2.) App #1 is caucasion, high income, parents both college degrees. App #2 is underrepresented minority, lower income, first generation. This trumps app #1’s advantage so now both are even.
3.) App #1 GPA is .25 higher than app #2. Advantage #1, right? Maybe, maybe not (see next factor).
4.) App #1 HS/district has rep for grade inflation. App #2’s course rigor exceeds app #1. Combo of these two trumps app #1 advantage listed in 3.
Who gets offered? To me it’s app #2 - course rigor and high rank on essays (even if not as unique as app #1). And I should have listed SAT scores further down than I did. You can almost bank on the caucasian high income kid having taken at least 1 prep course and maybe taken the test multiple times. Low income first gen kid? Potentially 1x, unlikely to have been able to afford tutor or prep course.
(Disclosure: My kid is the caucasian high income kid who took a single writing prep course and took the SAT 2x. That’s nothing though - we know CoE and CoS kids who’s parents spent over $2,000 on prep and one of them took the SAT 4x. Are they better students than their peer(s) who didn’t have that advantage? Nope.)

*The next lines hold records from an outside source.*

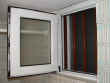 2003.06.28-Fenster-004.JPG (71885 Byte)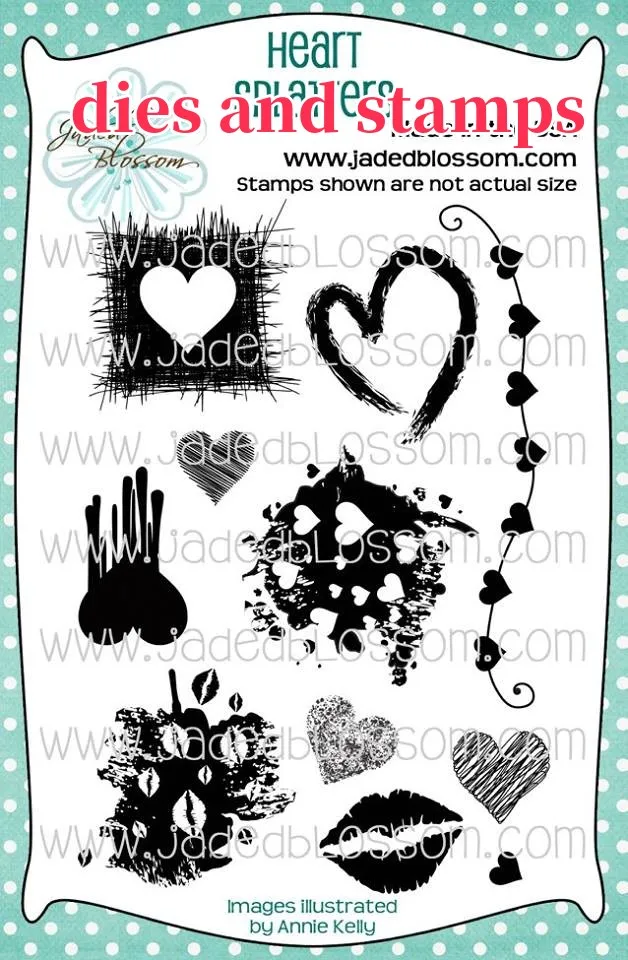 Gnome Dies Collection Valentine's Day Hearts Clear Stamps Metal Cutting Dies For DIY Scrapbook Decoration Template Greeting Card
Gnome Dies Collection Valentine's Day Hearts Clear Stamps Metal Cutting Dies For DIY Scrapbook Decoration Template Greeting Card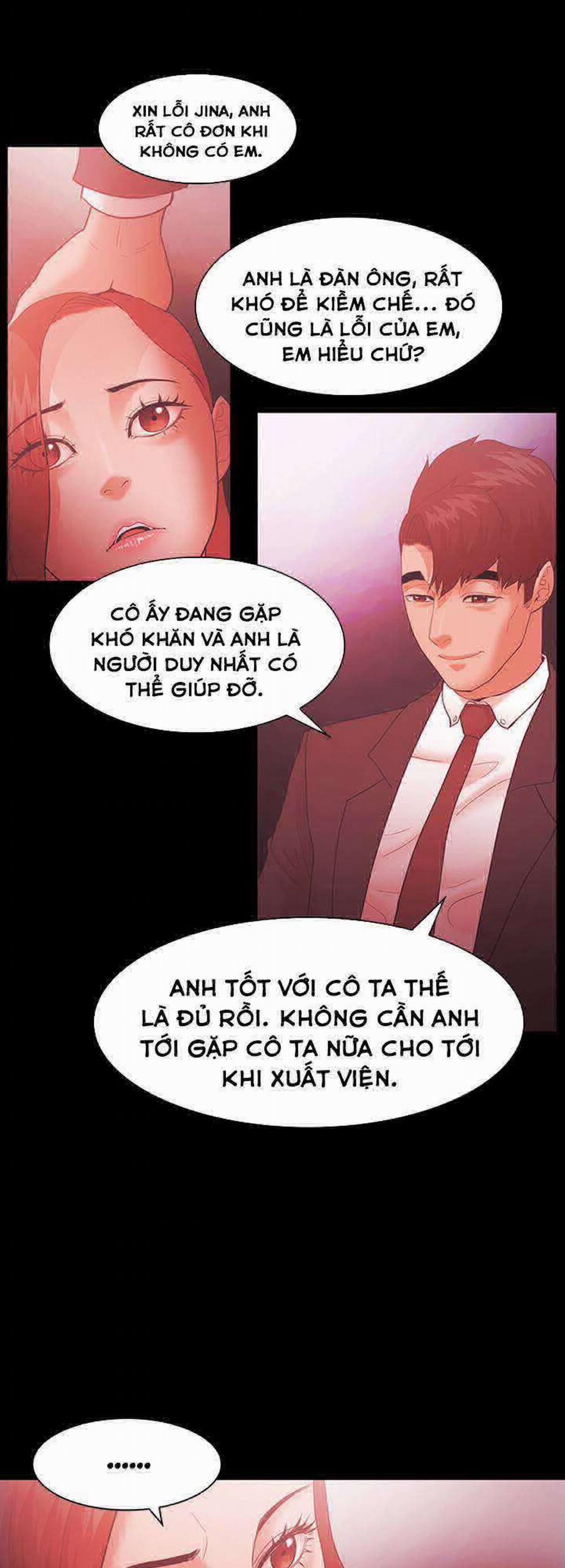 manhwax10.com - Truyện Manhwa Loser Chương 63 Trang 42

@cbl1 @ShenVal18 - Really appreciate for your comment. Case like my son’s and Volty123’s (GPA at 25 percentile and SAT at 75 percentile), will good SAT (high 1300s) + heavy rigorous course load + good ECs and essays make up for low-end GPA? By the way, his GPA trends up a lot during junior and senior year near 4.3 average.
I would guess that if the years of the rigorous course load coincide with an upward trend in GPA, that would be viewed very favorably by admissions - it shows a combo of challenge and good performance. But senior year doesn’t matter (they aren’t looking at mid-year grades). If you were to exclude rigor from GPA, and consider GPA and SAT equally, then your son is at 50th overall percentile. From there, essays and demographics would probably take over, with “quality” of EC’s factoring in. (“Quality” meaning is there a unique EC that tells a story or dovetails into what VT is seeking for their student body). I think most applicants have plenty of “quantity” re: EC’s. But if you weigh rigor into that 25th percentile GPA, combined with 75th in SAT, maybe that pulls him into a 60th cumulative “rank” based on those two stats?

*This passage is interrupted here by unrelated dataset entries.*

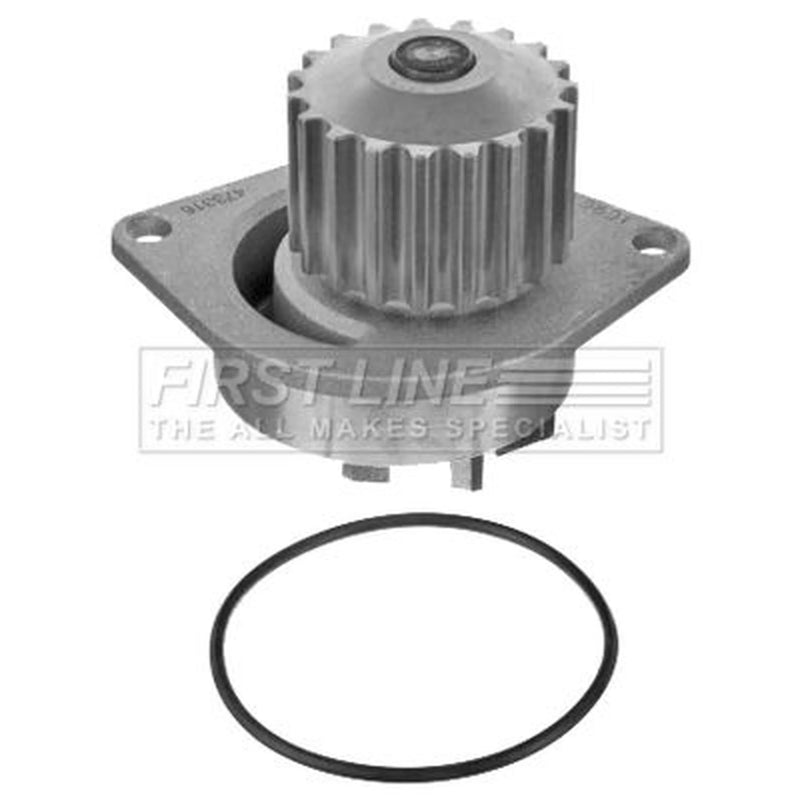 First Line Engine Cooling Water Pump FWP1783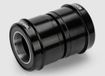 Sram Kogel trapas keramisch pressfit 30 cross l dub/ dub corrosiebestendig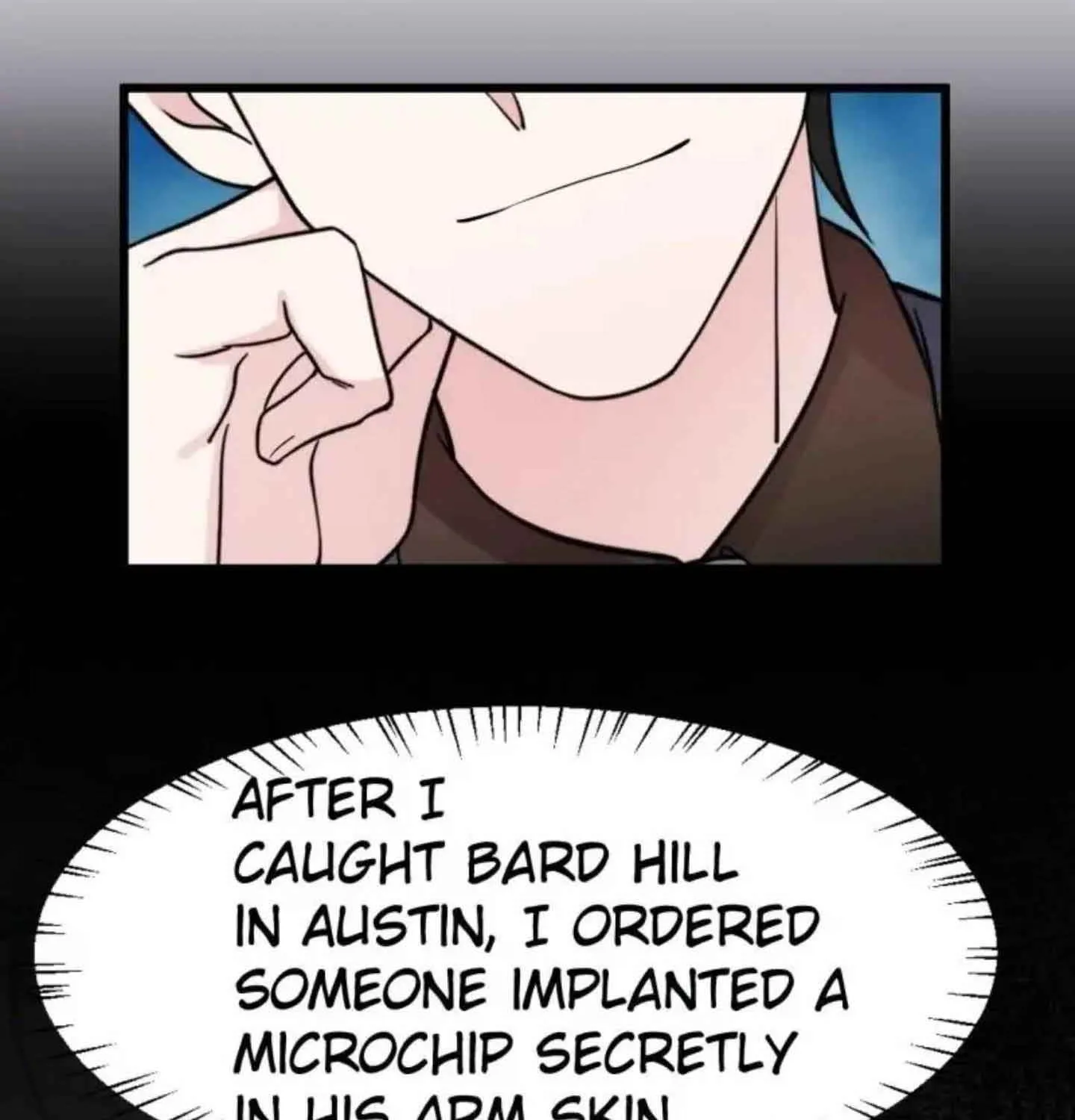 Chapter 96 — page 15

I know the waiting game stinks. My son applied RD when there was only ED and RD available.
How would you guys rank these schools in admission difficulty? Penn State University Park, Purdue University, and Virginia Tech.
Im only asking because I was accepted into Penn State UP and I was deffered by Purdue.

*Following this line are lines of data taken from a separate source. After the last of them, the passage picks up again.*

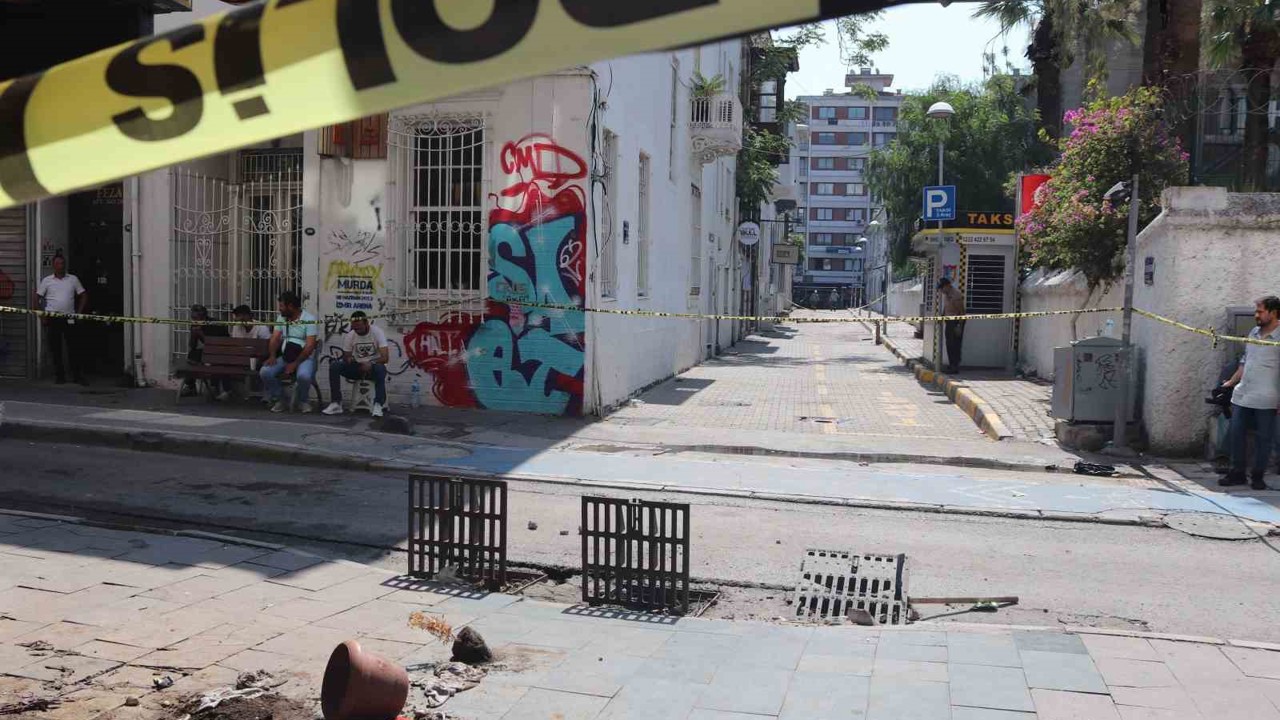 İzmir’deki elektrik faciası davasında 30 sanığa hapis cezası
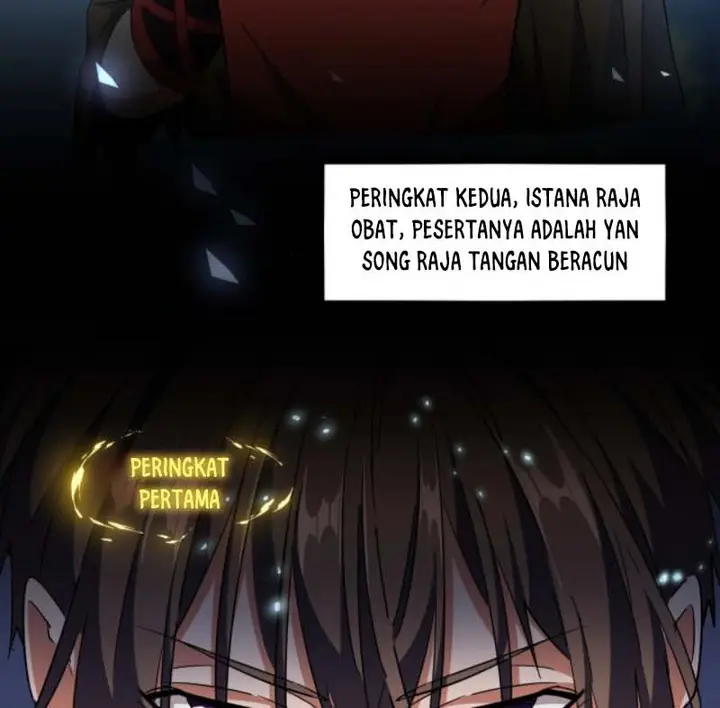 image-komik-magic-emperor-chapter-258-32/48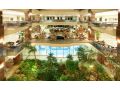Hotel Queen's Park Resort Tekirova, Kemer - thumb 4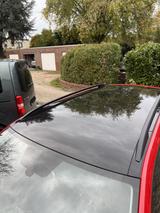 Skoda Kombi 1.0l MPI Style Kamera/Pano/LED/Navi/AppleC - Skoda Fabia von privat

Depends on your major. Engineering/CS would likely be Purdue, VT, and Penn State…especially OOS. Any other major…no idea.
Hopefully since I got deffered by Purdue and accepted by Penn State UP, Virginia Tech will be a perfect fit in the middle. Fingers Crossed.
3 weeks exactly left…
Here is my take on admission difficulty in general: Purdue (hardest), VT, and Penn State UP (easiest).
The acceptance rates listed online appear to rank Purdue and Penn State-UP at around 55% and VT at 70%.
Respectfully, acceptance rates are the single most misleading statistic related to college admissions. In many cases, they are just an indicator of an abundance of under-qualified applicants.
And they don’t take into consideration the major or whether the applicant was in-state vs. out-of-state. My earlier ranking of Purdue, VT, and Penn State were specifically for OOS and Engineering, btw.
Purdue admissions data for Fall 2019 shows approx. 23,000 more applications than VT, to fill a class that was only approx. 1,400 more students than the desired class that VT wanted for 2019. That’s why acceptance rate isn’t reliable as a stand alone measure of difficulty. Interestingly, based on the chart Purdue showed, the combo of OOS and Intl students is darn near the amount of IS.
ea and rd decisions are released only 2 weeks apart, does this mean there isn’t much of an advantage applying ea (both reviewed at the same time)?
Does anyone know when RD notifications are released? My son applied at the deadline after becoming aquainted with VT at the last minute. Of course, that does not mean that it’s not his first choice. Just slow to reach his radar.